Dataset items
════════════════
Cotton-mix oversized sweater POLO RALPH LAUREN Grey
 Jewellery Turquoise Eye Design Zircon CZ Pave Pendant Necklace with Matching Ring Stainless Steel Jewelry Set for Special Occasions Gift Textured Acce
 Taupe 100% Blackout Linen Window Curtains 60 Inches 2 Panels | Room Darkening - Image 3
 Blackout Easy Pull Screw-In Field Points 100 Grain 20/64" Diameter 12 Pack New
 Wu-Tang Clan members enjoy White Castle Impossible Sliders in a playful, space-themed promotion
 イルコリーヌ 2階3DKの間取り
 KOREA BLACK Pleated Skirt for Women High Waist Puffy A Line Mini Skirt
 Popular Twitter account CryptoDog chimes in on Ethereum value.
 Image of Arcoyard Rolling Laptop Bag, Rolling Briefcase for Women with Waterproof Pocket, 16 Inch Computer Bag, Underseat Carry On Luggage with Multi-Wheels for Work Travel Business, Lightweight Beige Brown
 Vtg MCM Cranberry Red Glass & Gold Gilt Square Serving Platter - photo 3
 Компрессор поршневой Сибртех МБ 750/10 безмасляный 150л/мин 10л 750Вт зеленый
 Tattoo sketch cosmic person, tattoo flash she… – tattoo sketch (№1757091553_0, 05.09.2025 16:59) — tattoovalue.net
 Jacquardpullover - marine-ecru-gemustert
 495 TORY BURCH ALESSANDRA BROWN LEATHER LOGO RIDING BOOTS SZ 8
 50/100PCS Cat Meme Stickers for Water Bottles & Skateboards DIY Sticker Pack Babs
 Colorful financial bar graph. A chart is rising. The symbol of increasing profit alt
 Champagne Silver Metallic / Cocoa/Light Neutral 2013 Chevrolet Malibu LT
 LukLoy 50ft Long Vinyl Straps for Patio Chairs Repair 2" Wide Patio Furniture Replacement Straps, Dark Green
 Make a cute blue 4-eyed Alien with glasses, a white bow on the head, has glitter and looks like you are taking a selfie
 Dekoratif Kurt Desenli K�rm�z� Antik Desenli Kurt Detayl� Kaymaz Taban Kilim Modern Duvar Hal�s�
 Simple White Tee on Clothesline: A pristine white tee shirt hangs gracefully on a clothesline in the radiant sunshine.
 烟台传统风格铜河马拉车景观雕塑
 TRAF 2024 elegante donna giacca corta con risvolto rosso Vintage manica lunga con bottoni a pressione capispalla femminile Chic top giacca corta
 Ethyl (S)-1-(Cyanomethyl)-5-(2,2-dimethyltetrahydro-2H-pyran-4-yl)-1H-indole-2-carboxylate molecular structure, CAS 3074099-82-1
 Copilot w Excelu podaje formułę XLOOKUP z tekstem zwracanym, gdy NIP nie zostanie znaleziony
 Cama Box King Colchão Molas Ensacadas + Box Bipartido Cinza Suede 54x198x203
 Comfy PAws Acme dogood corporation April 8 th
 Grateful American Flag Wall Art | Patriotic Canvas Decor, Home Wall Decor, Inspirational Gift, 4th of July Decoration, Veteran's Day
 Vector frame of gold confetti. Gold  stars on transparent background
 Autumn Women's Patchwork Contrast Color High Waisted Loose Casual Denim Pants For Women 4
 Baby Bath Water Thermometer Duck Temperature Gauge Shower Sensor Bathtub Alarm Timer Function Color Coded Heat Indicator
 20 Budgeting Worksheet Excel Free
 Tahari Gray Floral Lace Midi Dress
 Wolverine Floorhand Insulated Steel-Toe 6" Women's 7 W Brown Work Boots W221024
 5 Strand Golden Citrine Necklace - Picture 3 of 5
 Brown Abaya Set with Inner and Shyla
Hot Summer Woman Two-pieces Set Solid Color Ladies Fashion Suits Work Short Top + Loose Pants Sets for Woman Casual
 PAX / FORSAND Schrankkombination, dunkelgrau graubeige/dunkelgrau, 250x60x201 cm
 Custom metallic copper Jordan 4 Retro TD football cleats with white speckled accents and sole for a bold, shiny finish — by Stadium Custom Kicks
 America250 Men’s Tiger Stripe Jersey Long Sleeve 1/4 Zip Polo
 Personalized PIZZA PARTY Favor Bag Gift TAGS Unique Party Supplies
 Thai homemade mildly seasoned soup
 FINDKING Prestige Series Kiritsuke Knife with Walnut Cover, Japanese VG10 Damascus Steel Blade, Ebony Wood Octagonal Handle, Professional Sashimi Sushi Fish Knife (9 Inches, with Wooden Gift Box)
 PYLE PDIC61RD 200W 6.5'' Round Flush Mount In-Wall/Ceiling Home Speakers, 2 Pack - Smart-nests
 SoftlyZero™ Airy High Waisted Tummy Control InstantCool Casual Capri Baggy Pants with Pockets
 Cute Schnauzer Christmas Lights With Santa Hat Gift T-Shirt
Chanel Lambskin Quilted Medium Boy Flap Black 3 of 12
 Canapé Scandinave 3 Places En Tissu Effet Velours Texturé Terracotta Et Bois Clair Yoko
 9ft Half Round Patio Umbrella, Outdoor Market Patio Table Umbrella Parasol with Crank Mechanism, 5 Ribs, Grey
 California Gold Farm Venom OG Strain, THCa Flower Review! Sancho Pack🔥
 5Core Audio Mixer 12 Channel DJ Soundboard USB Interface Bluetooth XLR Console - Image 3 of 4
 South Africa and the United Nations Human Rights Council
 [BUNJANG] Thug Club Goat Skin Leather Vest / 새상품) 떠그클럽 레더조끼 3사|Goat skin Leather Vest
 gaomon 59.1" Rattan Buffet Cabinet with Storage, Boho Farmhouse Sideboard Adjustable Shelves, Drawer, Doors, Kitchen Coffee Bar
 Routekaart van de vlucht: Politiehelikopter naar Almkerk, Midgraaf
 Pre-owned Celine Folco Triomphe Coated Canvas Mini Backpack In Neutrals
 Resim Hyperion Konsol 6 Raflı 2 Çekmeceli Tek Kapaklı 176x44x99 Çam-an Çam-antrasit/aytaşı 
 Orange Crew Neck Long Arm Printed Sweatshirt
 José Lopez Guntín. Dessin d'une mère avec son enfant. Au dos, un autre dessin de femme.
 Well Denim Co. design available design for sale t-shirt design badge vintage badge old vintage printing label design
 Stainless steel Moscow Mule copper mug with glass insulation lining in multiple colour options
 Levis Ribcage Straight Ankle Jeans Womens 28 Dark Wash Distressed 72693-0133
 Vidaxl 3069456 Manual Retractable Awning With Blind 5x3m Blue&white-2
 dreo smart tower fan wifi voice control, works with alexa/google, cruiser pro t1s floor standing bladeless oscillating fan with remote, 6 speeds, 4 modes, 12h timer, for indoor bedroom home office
════════════════
# Directions for this task
Exactly the lines from the one containing "Orange Crew Neck Long Arm Printed Sweatshirt" through the end of the records above are to be printed, and no others.

# Problem solution
 Orange Crew Neck Long Arm Printed Sweatshirt
 José Lopez Guntín. Dessin d'une mère avec son enfant. Au dos, un autre dessin de femme.
 Well Denim Co. design available design for sale t-shirt design badge vintage badge old vintage printing label design
 Stainless steel Moscow Mule copper mug with glass insulation lining in multiple colour options
 Levis Ribcage Straight Ankle Jeans Womens 28 Dark Wash Distressed 72693-0133
 Vidaxl 3069456 Manual Retractable Awning With Blind 5x3m Blue&white-2
 dreo smart tower fan wifi voice control, works with alexa/google, cruiser pro t1s floor standing bladeless oscillating fan with remote, 6 speeds, 4 modes, 12h timer, for indoor bedroom home office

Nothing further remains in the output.